YOUR INSTRUCTIONS
Return the entries verbatim and drop every picture.

Start of DATASET CONTENT

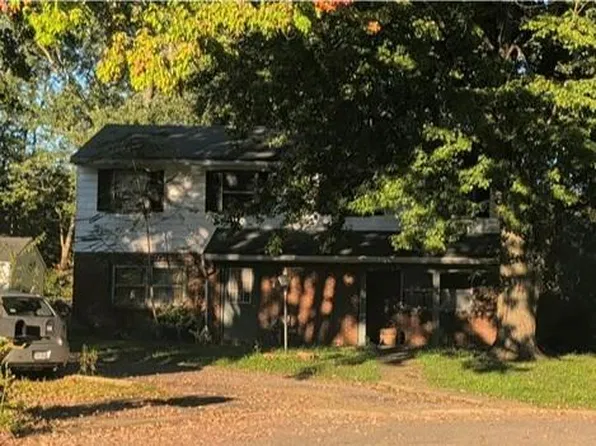 2907 Arboretum Cir NW, Canton, OH 44718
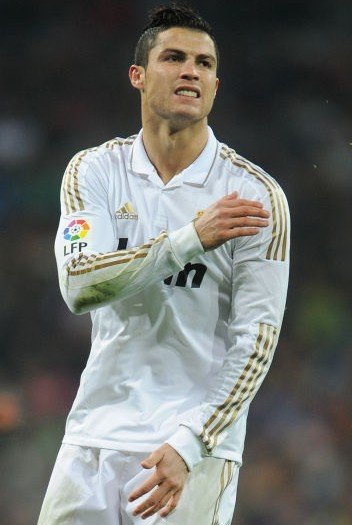 打造商业帝国？巴媒：内马尔父亲1800万美元收购贝利品牌（巴媒称内马尔父亲以1800万美元拿下贝利品牌，欲扩张商业版图）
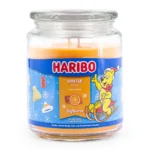 Frontansicht der Haribo Winter Fun Duftkerze mit Wintermotiv und zwei Dochten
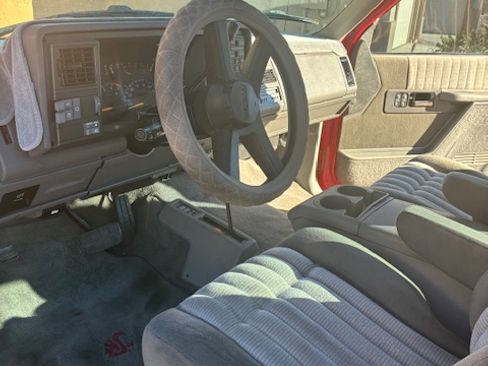 Used 1994 Chevrolet Silverado 1500 4x4 Extended Cab image 4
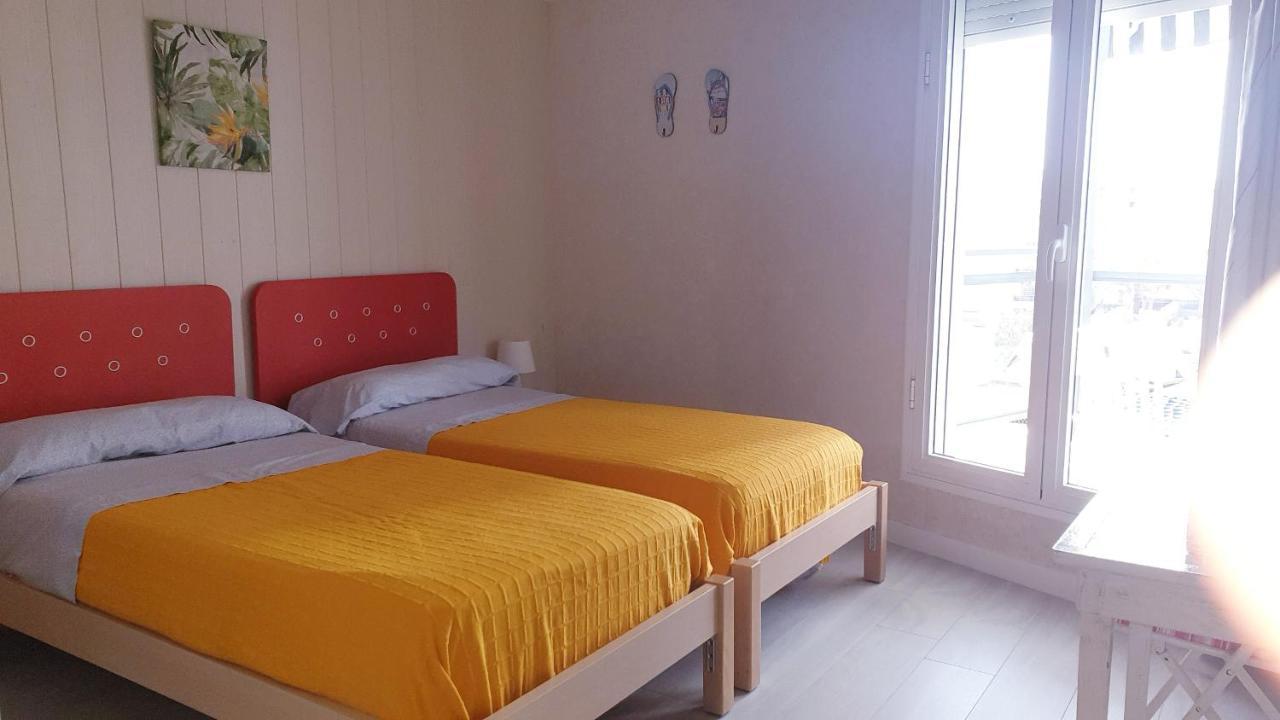 Apartamento Playa Llevant Mejor Zona Salou Exterior photo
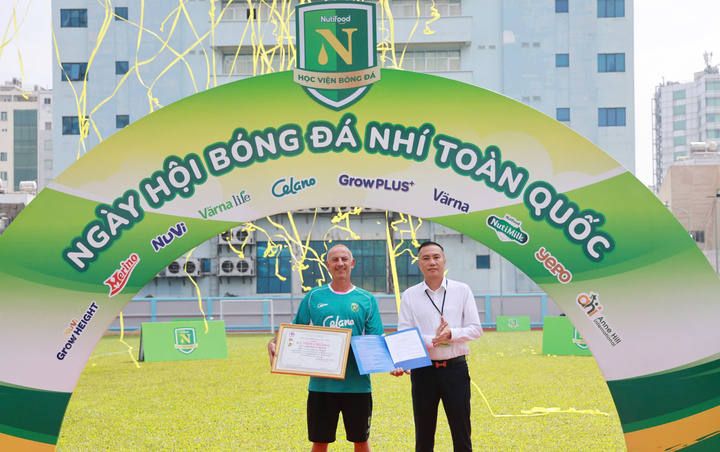 Đại diện VFF, ông Nguyễn Xuân Vũ – Phó Chủ tịch Phụ trách Truyền thông – đã trực tiếp thực hiện nghi thức trao tặng cho thầy Giôm.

End of DATASET CONTENT

ANSWER
 2907 Arboretum Cir NW, Canton, OH 44718
 打造商业帝国？巴媒：内马尔父亲1800万美元收购贝利品牌（巴媒称内马尔父亲以1800万美元拿下贝利品牌，欲扩张商业版图）
 Frontansicht der Haribo Winter Fun Duftkerze mit Wintermotiv und zwei Dochten
 Used 1994 Chevrolet Silverado 1500 4x4 Extended Cab image 4
 Apartamento Playa Llevant Mejor Zona Salou Exterior photo
 Đại diện VFF, ông Nguyễn Xuân Vũ – Phó Chủ tịch Phụ trách Truyền thông – đã trực tiếp thực hiện nghi thức trao tặng cho thầy Giôm.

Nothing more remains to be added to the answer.